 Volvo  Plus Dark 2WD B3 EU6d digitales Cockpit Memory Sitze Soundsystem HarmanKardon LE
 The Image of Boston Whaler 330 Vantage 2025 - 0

● ● ●

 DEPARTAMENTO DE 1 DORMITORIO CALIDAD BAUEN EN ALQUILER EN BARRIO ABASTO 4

● ● ●

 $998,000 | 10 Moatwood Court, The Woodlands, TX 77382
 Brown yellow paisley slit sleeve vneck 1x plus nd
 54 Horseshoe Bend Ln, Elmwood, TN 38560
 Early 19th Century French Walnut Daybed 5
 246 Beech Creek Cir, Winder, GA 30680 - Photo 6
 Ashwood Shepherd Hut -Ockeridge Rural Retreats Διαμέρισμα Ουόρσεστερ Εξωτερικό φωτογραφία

● ● ●

WORK TO BE COMPLETED :: With the line holding "Soundsystem HarmanKardon LE" as the first and the line holding "The Image of" as the last, set down that range of the entries above exactly, and nothing else.

TASK ANSWER ::
 Volvo  Plus Dark 2WD B3 EU6d digitales Cockpit Memory Sitze Soundsystem HarmanKardon LE
 The Image of Boston Whaler 330 Vantage 2025 - 0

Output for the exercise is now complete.